Ты вывел его за дверь, собственнически обняв за плечи, а мы с Магдаленой, взяв друг друга под руку, семенили позади. Карета радушно ждала нас, гладко отполированный орех блестел на морозе, как черная кровь на свежевыпавшем снегу.

– Мы сделаем это сейчас? – спросил Алексей, глядя на тебя круглыми глазами. – Ты говорил…

– Осмотрительнее, – упрекнул ты, притягивая его ближе, чтобы никто на улице не подслушал. – Ты клялся, что осмотрительность тебе по плечу.

– Ну да! Я просто подумал…

– Да, мы сделаем это сейчас, маленький принц.
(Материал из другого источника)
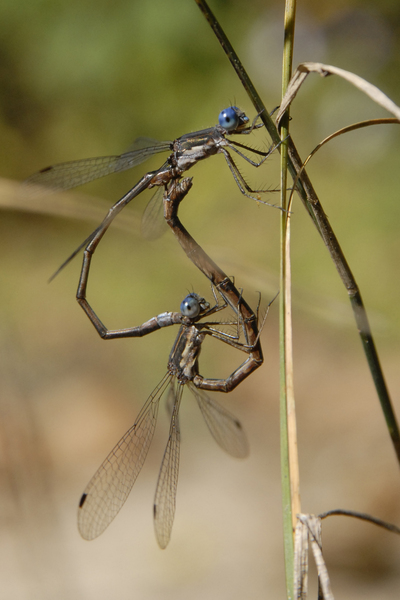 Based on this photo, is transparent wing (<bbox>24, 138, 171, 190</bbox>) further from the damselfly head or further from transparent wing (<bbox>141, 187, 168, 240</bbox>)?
the damselfly head

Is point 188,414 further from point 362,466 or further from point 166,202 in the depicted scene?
point 166,202

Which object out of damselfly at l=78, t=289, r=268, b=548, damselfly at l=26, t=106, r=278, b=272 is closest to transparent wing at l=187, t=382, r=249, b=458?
damselfly at l=78, t=289, r=268, b=548

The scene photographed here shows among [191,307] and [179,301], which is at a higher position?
[179,301]

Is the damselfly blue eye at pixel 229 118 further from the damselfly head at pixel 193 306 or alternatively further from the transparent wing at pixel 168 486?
the transparent wing at pixel 168 486

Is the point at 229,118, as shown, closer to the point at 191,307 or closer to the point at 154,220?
the point at 154,220

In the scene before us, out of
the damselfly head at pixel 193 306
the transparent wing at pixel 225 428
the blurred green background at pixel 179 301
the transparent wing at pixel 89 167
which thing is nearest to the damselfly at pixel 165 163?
the transparent wing at pixel 89 167

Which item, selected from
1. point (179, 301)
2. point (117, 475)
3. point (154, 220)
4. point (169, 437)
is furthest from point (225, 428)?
point (179, 301) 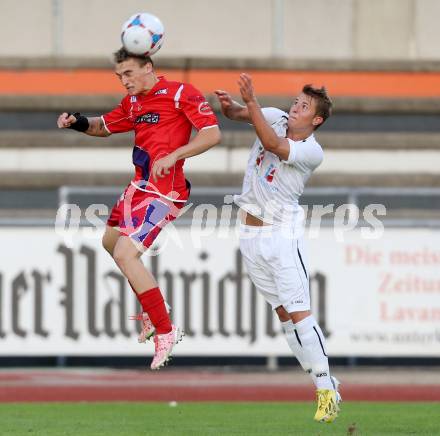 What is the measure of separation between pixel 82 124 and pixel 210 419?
264cm

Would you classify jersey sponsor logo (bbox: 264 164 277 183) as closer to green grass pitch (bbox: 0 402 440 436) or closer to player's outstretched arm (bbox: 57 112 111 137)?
player's outstretched arm (bbox: 57 112 111 137)

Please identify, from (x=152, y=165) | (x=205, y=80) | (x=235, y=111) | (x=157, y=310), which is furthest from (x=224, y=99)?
(x=205, y=80)

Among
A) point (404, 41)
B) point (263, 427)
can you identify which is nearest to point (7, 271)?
point (263, 427)

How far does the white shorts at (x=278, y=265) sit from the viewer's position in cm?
1048

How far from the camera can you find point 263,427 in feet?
35.6

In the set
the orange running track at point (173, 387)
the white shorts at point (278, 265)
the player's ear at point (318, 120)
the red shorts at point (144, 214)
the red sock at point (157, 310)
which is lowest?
the orange running track at point (173, 387)

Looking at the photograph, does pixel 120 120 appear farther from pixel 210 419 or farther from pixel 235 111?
pixel 210 419

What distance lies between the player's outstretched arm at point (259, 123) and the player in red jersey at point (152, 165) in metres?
0.26

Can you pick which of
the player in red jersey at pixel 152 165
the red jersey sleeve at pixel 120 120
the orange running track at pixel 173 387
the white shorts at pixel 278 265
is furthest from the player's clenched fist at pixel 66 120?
the orange running track at pixel 173 387

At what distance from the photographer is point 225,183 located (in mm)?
18141

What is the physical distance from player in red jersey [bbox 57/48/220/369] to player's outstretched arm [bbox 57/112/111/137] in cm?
39

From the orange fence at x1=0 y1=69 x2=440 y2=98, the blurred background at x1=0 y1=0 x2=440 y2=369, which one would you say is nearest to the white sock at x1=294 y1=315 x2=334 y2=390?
the blurred background at x1=0 y1=0 x2=440 y2=369

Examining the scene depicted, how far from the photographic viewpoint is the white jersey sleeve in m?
10.2

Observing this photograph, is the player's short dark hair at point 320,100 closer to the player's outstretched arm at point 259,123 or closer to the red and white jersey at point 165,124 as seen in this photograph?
the player's outstretched arm at point 259,123
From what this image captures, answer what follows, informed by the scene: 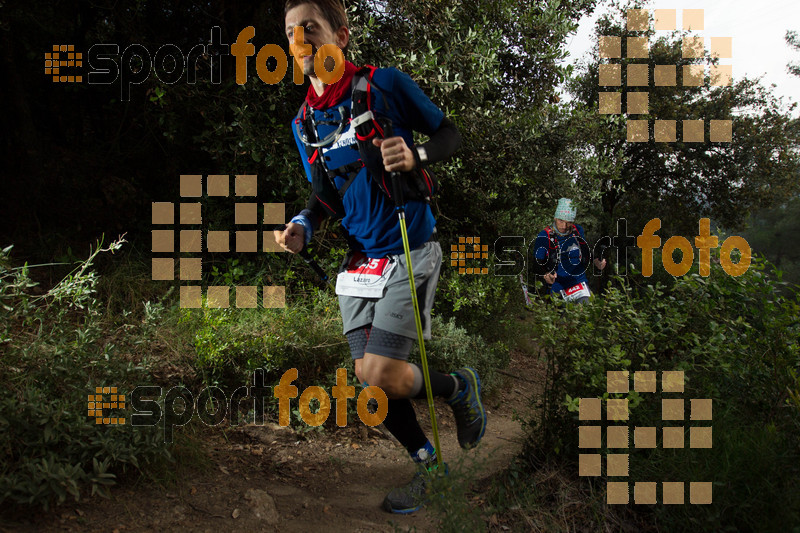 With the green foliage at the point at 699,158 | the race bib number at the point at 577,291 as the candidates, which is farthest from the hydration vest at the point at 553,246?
the green foliage at the point at 699,158

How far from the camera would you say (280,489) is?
3775mm

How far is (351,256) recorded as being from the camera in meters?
3.32

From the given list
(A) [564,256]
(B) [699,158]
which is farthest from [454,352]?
(B) [699,158]

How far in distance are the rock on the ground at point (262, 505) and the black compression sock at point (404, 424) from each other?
34.2 inches

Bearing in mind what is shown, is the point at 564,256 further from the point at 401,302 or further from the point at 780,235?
the point at 780,235

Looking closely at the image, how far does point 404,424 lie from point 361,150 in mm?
1684

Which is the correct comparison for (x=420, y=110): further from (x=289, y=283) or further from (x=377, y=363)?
(x=289, y=283)

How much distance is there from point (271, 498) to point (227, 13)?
519 centimetres

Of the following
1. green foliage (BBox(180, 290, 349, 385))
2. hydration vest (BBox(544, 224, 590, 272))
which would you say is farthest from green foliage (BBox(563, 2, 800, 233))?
green foliage (BBox(180, 290, 349, 385))

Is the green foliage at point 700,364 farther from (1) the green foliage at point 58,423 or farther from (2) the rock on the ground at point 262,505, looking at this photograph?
(1) the green foliage at point 58,423

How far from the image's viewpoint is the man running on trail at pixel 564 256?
24.1 ft

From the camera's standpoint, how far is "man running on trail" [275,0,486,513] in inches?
118

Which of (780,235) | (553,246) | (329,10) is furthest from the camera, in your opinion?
(780,235)

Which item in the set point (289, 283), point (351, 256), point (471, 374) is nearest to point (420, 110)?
point (351, 256) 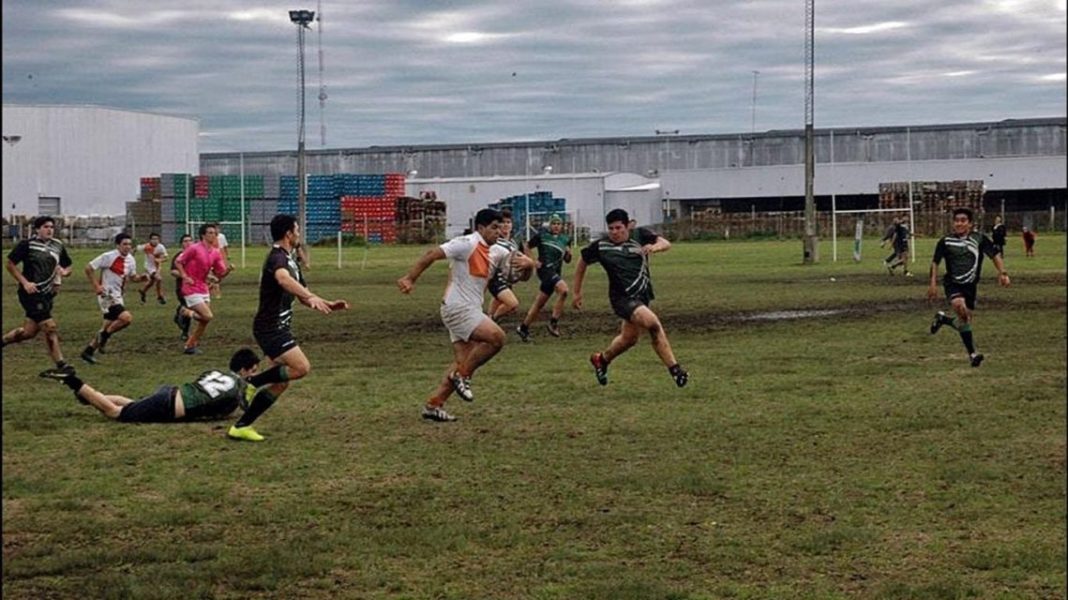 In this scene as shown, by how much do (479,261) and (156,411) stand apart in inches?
138

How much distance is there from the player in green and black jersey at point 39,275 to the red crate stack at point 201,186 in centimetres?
7550

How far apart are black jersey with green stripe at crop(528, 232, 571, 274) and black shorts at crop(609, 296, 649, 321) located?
349 inches

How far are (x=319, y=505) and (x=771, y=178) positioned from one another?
300 ft

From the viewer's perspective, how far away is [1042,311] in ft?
94.4

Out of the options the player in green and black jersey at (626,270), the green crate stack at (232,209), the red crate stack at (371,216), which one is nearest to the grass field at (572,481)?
the player in green and black jersey at (626,270)

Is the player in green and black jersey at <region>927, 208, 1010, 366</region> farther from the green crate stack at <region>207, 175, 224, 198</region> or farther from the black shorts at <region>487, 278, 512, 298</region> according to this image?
the green crate stack at <region>207, 175, 224, 198</region>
Темная теплая карета была набита мехами, нас ждала бутылка холодного шампанского. Алексей осторожно устроился на сиденье, словно никогда раньше не ездил в таких условиях. Его голубые глаза призывно блестели в темноте, пока ты, придерживая за руку сперва Магдалену, а затем и меня, помогал нам сесть в карету. Наконец ты забрался внутрь сам и приказал кучеру отвезти нас домой. Стоило лишь захлопнуться двери, как ты приник губами к его рту в поисках поцелуя, как скорбящий – в поисках выпивки. Алексей вздрогнул и покраснел от прикосновения твоих губ, скользнул одной рукой по твоей шее, а второй потянулся к Магдалене. Она устроилась рядом с Алексеем, уткнулась носом в его шею, а я заняла свое место у твоих ног. Ты прервал поцелуй, повернулся ко мне и взял мое лицо в свои руки, оставив Алексея и Магдалену развлекаться вдвоем. Ты подарил мне глубокий поцелуй, твой холодный обычно рот согрелся от его вкуса, и я расслабилась под твоими ласками. Алексей с улыбкой отвечал на поцелуи Магдалены, его белые зубы сверкали в тесноте кареты. Через несколько мгновений она уже сбросила шляпку, а локоны ее волос рассыпались по плечам.

– Я люблю тебя, – сказал ты мне в губы. Прозвучало так, будто ты намечал мирный договор, собираясь защищать границы спорных территорий. – Даю слово.